__ASSIGNED TASK__. Exactly the lines from the one with "Maska za Samsung" through the end of the data below must be set down, and no pictures with them.

DATASET EXTRACT section start

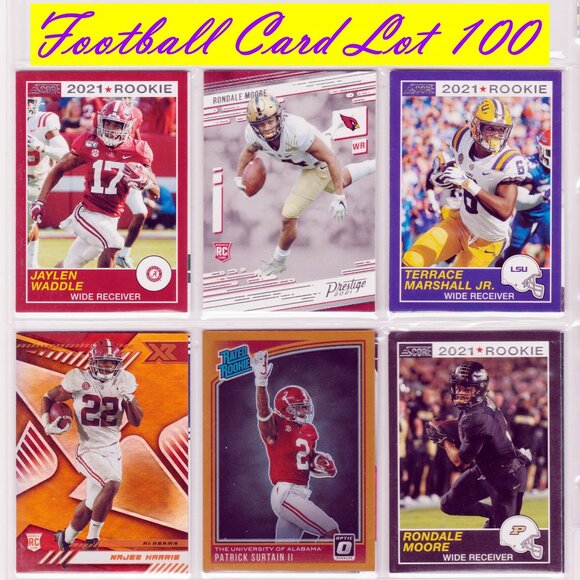 Football Cards Pack Lot of 100 - Picture 1 of 5
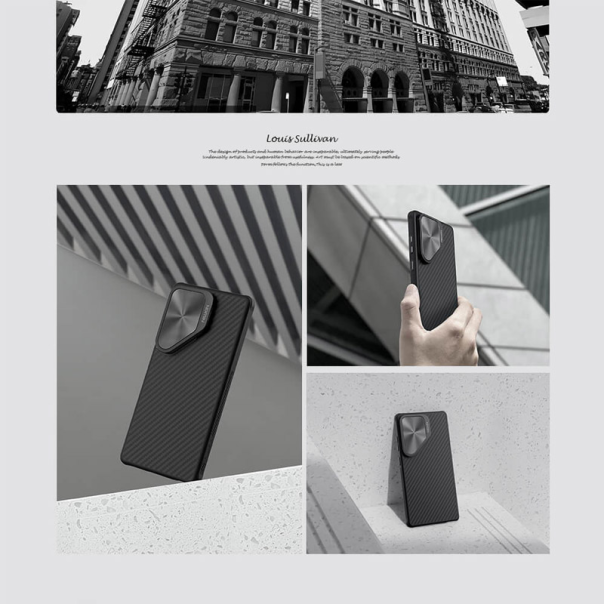 Maska za Samsung S25 Ultra/ S938B Nillkin CarboProp Magnetic crna (sa otvorom za kameru) - 615748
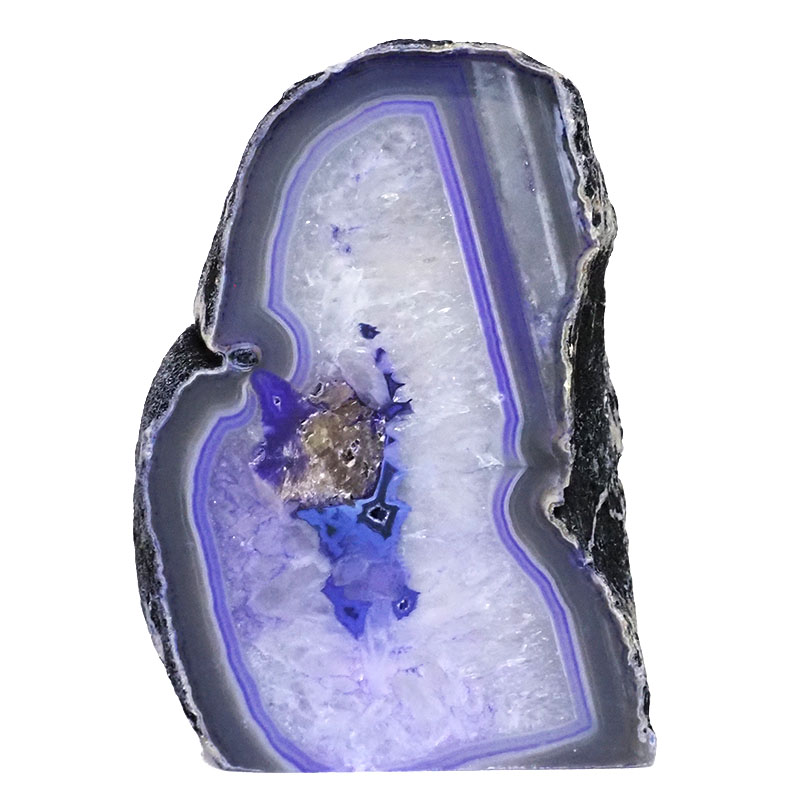 2.73kg Agate Crystal Lamp N992 3 Agate Crystal Lamp N992 | Himalayan Salt Factory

DATASET EXTRACT section end

__RESULT__.
 Maska za Samsung S25 Ultra/ S938B Nillkin CarboProp Magnetic crna (sa otvorom za kameru) - 615748
 2.73kg Agate Crystal Lamp N992 3 Agate Crystal Lamp N992 | Himalayan Salt Factory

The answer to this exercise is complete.